This repo shows how 🤗 Transformers can be used in combination with kensho-technologies's PyCTCDecode & KenLM ngram as a simple way to boost word error rate (WER).
Included is a file to create an ngram with KenLM as well as a simple evaluation script to compare the results of using Wav2Vec2 with PyCTCDecode + KenLM vs. without using any language model.

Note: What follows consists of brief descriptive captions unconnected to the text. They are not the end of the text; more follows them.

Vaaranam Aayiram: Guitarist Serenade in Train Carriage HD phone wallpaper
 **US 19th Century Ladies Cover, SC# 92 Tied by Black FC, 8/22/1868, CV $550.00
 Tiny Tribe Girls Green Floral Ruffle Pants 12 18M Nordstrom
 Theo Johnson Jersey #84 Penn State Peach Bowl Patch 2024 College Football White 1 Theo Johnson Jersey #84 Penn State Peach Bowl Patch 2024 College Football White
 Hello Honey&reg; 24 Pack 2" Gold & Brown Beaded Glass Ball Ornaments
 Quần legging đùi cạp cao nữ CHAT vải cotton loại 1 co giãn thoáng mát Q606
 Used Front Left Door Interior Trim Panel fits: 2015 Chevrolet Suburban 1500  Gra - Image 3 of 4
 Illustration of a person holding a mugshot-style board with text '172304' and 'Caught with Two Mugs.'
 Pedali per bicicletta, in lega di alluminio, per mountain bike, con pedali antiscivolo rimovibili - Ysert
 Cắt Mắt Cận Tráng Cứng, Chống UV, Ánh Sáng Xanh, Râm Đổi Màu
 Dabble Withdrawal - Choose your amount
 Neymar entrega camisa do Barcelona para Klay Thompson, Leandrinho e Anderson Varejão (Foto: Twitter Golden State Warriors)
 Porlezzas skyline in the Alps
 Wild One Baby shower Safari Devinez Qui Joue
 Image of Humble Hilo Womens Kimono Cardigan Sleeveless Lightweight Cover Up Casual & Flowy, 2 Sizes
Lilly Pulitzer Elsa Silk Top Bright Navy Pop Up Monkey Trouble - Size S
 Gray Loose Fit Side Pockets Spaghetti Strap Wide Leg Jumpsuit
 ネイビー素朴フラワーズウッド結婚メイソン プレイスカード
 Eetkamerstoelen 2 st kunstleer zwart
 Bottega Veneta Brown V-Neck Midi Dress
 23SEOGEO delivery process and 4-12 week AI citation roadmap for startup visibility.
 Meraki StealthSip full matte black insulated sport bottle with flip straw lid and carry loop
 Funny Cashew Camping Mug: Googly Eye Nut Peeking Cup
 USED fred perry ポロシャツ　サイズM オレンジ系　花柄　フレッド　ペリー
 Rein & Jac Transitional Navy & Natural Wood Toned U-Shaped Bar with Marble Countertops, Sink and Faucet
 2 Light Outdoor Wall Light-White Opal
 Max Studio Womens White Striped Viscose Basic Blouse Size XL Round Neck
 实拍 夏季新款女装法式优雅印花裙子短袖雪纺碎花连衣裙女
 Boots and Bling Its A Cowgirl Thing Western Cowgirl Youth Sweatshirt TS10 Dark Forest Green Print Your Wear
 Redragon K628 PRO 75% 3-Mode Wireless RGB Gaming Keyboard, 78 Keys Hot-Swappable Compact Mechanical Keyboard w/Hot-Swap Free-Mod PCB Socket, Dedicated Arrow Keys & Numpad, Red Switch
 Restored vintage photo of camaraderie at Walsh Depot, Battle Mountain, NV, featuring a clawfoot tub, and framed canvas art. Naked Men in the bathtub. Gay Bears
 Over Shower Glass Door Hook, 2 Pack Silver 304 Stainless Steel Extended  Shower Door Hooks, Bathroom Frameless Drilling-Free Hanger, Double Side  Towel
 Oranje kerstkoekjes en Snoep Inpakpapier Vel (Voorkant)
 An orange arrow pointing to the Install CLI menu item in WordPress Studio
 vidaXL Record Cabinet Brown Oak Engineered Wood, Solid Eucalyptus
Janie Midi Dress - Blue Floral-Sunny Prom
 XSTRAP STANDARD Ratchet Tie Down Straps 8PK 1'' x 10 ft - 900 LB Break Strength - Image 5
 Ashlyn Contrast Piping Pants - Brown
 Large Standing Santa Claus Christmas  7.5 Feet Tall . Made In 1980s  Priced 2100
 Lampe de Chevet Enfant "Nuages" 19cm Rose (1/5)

Note: The scripts are written to be used on GPU. If you want to use a CPU instead,
simply remove all .to("cuda")
occurances in eval.py
.
In a first step, one should install KenLM. For Ubuntu, it should be enough to follow the installation steps
described here. The installed kenlm
folder
should be move into this repo for ./create_ngram.py
to function correctly. Alternatively, one can also
link the lmplz
binary file to a lmplz
bash command to directly run lmplz
instead of ./kenlm/build/bin/lmplz
.
Next, some Python dependencies should be installed. Assuming PyTorch is installed, it should be sufficient to run
pip install -r requirements.txt
.
In a first step on should create a ngram. E.g. for polish
the command would be:
./create_ngram.py --language polish --path_to_ngram polish.arpa
After the language model is created, one should open the file. one should add a </s>
The file should have a structure which looks more or less as follows:
\data\
ngram 1=86586
ngram 2=546387
ngram 3=796581
ngram 4=843999
ngram 5=850874
\1-grams:
-5.7532206 <unk> 0
0 <s> -0.06677356
-3.4645514 drugi -0.2088903
...
Now it is very important also add a </s>
token to the n-gram
so that it can be correctly loaded. You can simple copy the line:
0 <s> -0.06677356
and change <s>
to </s>
. When doing this you should also inclease ngram
by 1.
The new ngram should look as follows:
\data\
ngram 1=86587
ngram 2=546387
ngram 3=796581
ngram 4=843999
ngram 5=850874
\1-grams:
-5.7532206 <unk> 0
0 <s> -0.06677356
0 </s> -0.06677356
-3.4645514 drugi -0.2088903
...
Now the ngram can be correctly used with pyctcdecode
Having created the ngram, one can run:
./eval.py --language polish --path_to_ngram polish.arpa
To compare Wav2Vec2 + LM vs. Wav2Vec2 + No LM on polish.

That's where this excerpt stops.